スマートフォンやパソコンを使う画面上でのやり取りが日常に深く浸透しつつある今、人々が直接会話を交わす機会が少なくなったようにも思える。まっすぐ人の目を見て話す事の貴重さを私たちは忘れつつあるのでは……。家族や友人と交わす会話の大切さとすばらしさを再発見、痛感させてくれるのが、特集上映「オスロ、3つの愛の風景」だ。ノルウェー映画『SEX』(2024年)、『DREAMS』(2024年)『LOVE』(2024年)の長編3部作が一挙公開される。
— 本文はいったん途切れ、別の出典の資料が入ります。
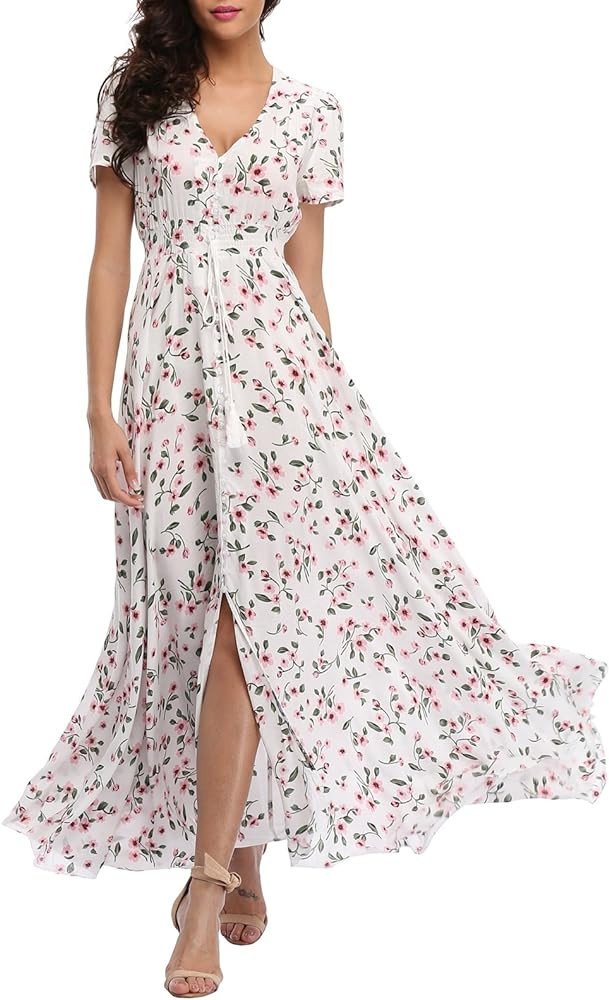 VintageClothing Women's Floral Maxi Dresses Boho Button Up Split Summer Casual Long Dress Beach P... | Amazon (US)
ノルウェーの首都オスロを舞台に、そこに住む人々の生活に細やかな目を向けたオリジナル脚本、そこからにじみ出る人間性が心を潤してくれる。作家でもあり脚本から手掛けた監督、ダーグ・ヨハン・ハウゲルード(以下、監督)に話をきいた。
◆◆◆
『SEX』――同性愛者でないのに「男性と関係を持った」と妻と同僚に告白した男
――最初から合計で6時間近くに及ぶ長大な3部作とする構想があったのだろうか?
監督 最初は1本目の『SEX』を1時間ほどで作る小企画だった。2人の俳優が芝居の稽古をしている感じで、資金が集まれば長編にしたいと考えていた。そんなとき、前作『BEWARE OF CHILDREN』を大変気に入ってくれていたノルウェー映画協会が、前作のような長編がいいと言ってくれ、現在の形に落ち着いたんだ。
もともと顔なじみの俳優を起用した映画が作りたかったんだ。全員を1本だけで起用するのが無理だったので、本数を増やせば好きな俳優たちと仕事ができると思った(笑)。彼らが演じることを想定して、脚本を書いたんだ。
昨年度ベルリン映画祭でエキュメカル賞を受賞した『SEX』は、煙突清掃員の男が、同性愛者でないのに男性と関係をもったことを同僚と妻に打ち明けるところから始まる。一方その同僚も、夢でデヴィッド・ボウイと出会い、女性として見つめられたと告白する。結婚とは? 男らしさとは? 家族とは? 話し合うほど2人の思いは揺らいでいく。正直に自分の気持ちを打ち明けあう会話が熱い。といって会話に理屈っぽさはなく、中学生の息子とクラスメートの女子のホンワカした関係など、多くの笑いが織り込まれている。
――2人の男の仕事である煙突掃除は、昔ながらの古めかしい職業に聞こえるが。
監督 オスロには古い建物が多いので、煙突掃除員が必要とされている。職場を背景にしようと思い、どんな職業がいいか検討し様々な職業の人に会って話をきいた。そのなかで煙突掃除員が特にハッピーな人たちだったんだ。